ANGPTL7 (human) (rec.) Reference: AG-40A-0060 ANGPTL7 (Angiopoietin-like protein 7) is expressed in various tissues and regulates angiogenesis. Human ANGPTL7 was characterized as a potent target gene of the WNT/beta-catenin signaling pathway, and is a pharmacogenomics target in the fields of oncology and regenerative medicine. Overexpression of ANGPTL7 increases collagen expression and might exert a pathogenic role in glaucoma.
Vaspin (human) (rec.) Reference: AG-40A-0064Y Vaspin (Visceral adipose tissue-derived serpin; Serpin A12), a serine protease inhibitor (serpin), is an insulin-sensitizing adipocytokine that has been isolated from both visceral and subcutaneous white adipose tissue. Based on recent findings, vaspin is suggested to regulate immune responses and inflammation and was found to be correlated with various metabolic parameters. Vaspin may represent a novel biomarker for obesity and impaired insulin sensitivity and might serve as a new therapeutic target of metabolic syndrome.

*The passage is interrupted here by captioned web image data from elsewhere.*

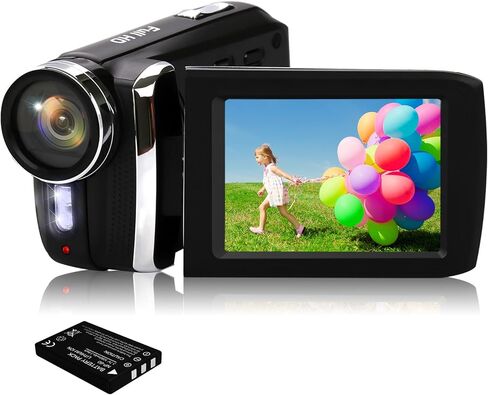 هيجومن كاميرا فيديو فل اتش دي 2.7 كيه 36.0 ميجابكسل لمدونات الفيديو لليوتيوب وتيك توك 2.8 انش بشاشة LCD للاطفال والمراهقين والطلاب والمبتدئين وكبار السن in Kuwait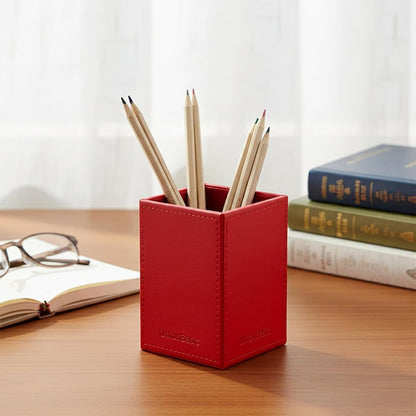 UnionBasic Square Pen Holder, Leather Pencil Cup, Desktop Caddy Stationery Organizer, Beige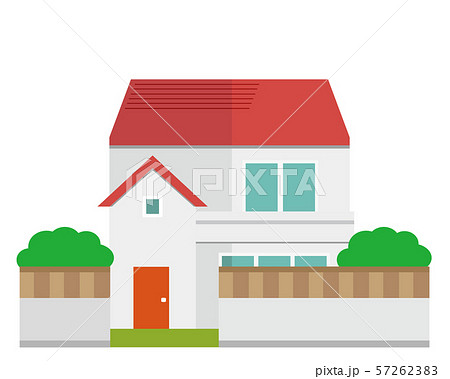 住宅 家 イラスト 一軒家 マイホーム 木 塀のイラスト素材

Progranulin (human) (rec.) Reference: AG-40A-0068Y Progranulin (PGRN) is a widely expressed pluripotent growth factor which plays a role in processes such as development, wound repair and inflammation by activating signaling cascades that control cell cycle progression and cell motility. Its function in the central nervous system is of interest, as mutations in the PGRN gene were found in cases of frontotemporal degeneration (FTLD). In addition, PGRN has also been linked to tumorigenesis. Progranulin is a biomarker for FTLD, other types of Alzheimer‘s Disease (AD) and potentially for MCI (Mild Cognitive Impairment). Additionally, PGRN is described as a new ligand of TNF receptors and a potential therapeutic against inflammatory disease like arthritis. EphA2, a member of the large family of Ephrin receptor tyrosine kinases, is also a functional signaling receptor for progranulin as reported recently.

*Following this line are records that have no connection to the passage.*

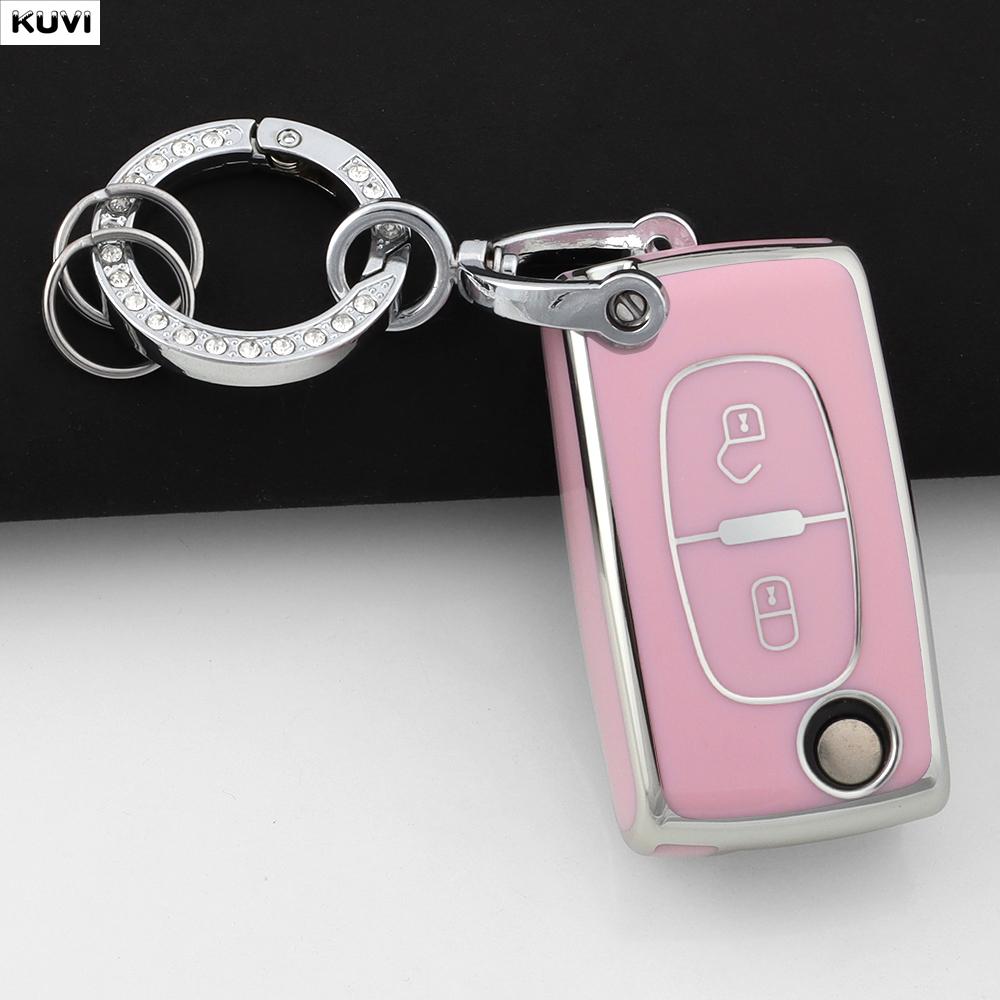 Fashion TPU Car Key Case Cover Keychain Fob Shell For Citroen C2 C3 C4 C5 C6 Xsara Berlingo For Peugeot 207 307 308 407 607 807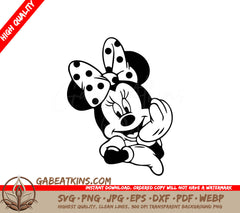 Minnie Mouse Smiling SVG - Polka Dot Ears Drawing SVG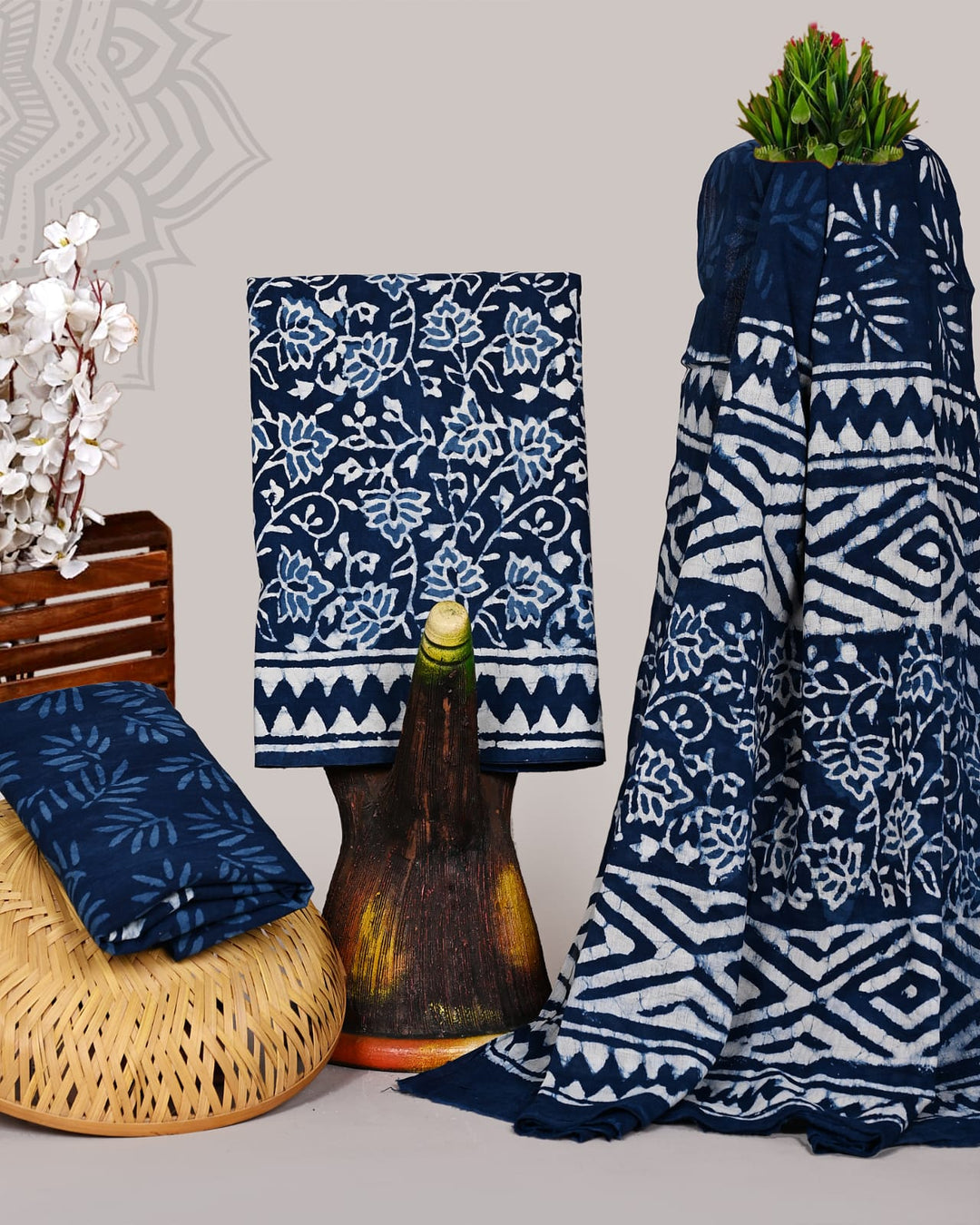 Pure Cotton Hand Block Print Unstitched Suit With Cotton Dupatta .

ANGPTL4 (fibrinogen-like domain) (human) (rec.) Reference: AG-40A-0070 ANGPTL4 (Angiopoietin-like protein 4) mainly expressed in endothelial cells (hypoxia-induced). Regulates angiogenesis and modulates tumorigenesis and directly regulates lipid, glucose, and energy metabolism. Inhibits proliferation, migration, and tubule formation of endothelial cells and reduces vascular leakage. ANGPTL4 is a protein consisting of an N-terminal coiled-coil domain and a C-terminal fibrinogen-like domain (FLD). Both domains have distinct biological functions. The coiled-coil domain is responsible for the inhibitory effects on lipoprotein lipase (LPL) converting the active form of LPL into an inactive form, and the FLD domain mediates its antiangiogenic functions. The coiled coil and the FLD domains are separated by a short linker that can be cleaved after secretion. ANGPTL4 appears on the cell surface as the full-length form, where it can be released by heparin treatment. ANGPTL4 protein is then proteolytically cleaved by proprotein convertases (PCs), including furin, PC5/6, paired basic amino acid-cleaving enzyme 4, and PC7.

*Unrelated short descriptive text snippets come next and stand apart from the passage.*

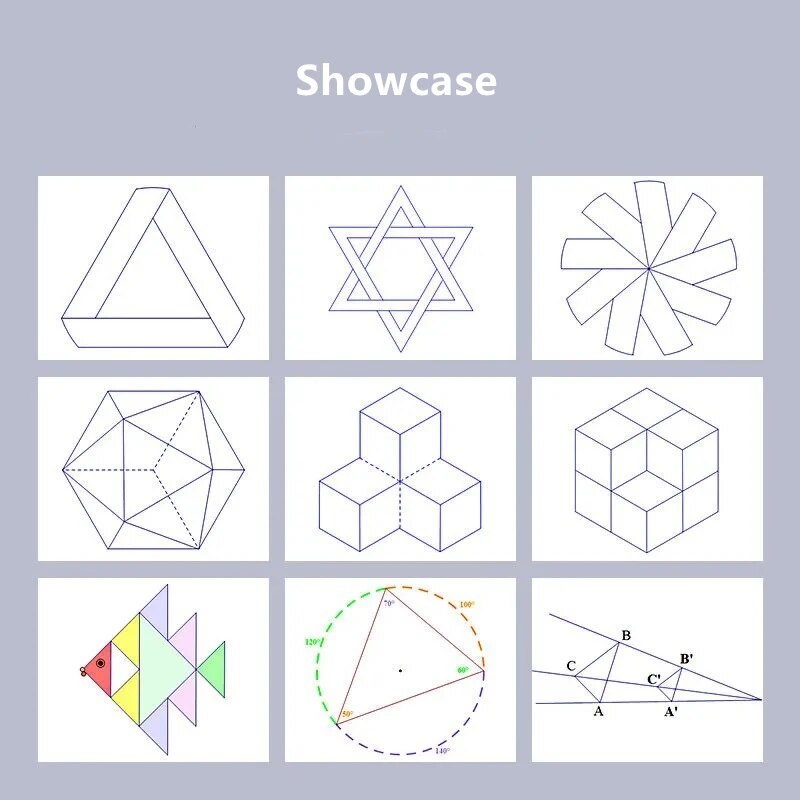 Multifunction rotatable ruler drawing template art deign geometry drafting triangular protractor meauring cale ruler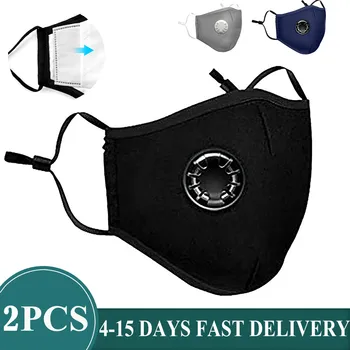 

Respirator Cotton Mask Breathing Filter Valves Protective Masks PM2.5 Dust Mark Black Mask With 10 Filter Reusable washable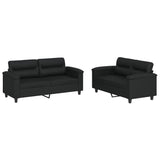 2 Piece Sofa Set with Cushions Black Faux Leather - Front View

ANGPTL3 (fibrinogen-like domain) (human) (rec.) Reference: AG-40A-0071Y ANGPTL3 (Angiopoietin-like protein 3) regulates angiogenesis and also directly regulates lipid, glucose and energy metabolism. Angiopoietin-like 3 (ANGPTL3) is a regulator of plasma triglyceride (TRG) levels due to its inhibitory action on the activity of lipoprotein lipase (LPL). ANGPTL3 induces angiogenesis by binding to integrin alphavbeta3. ANGPTL3 is predominantly produced in the liver and can therefore be classified as a hepatokine. In the human plasma, ANGPTL3 is cleaved to release two fragments: a N-terminal coiled-coil domain-containing fragment (aa17-207) important for inhibiting the lipolysis of triglyceride and the C-terminal fibrinogen-like domain-containing fragment (aa208-460).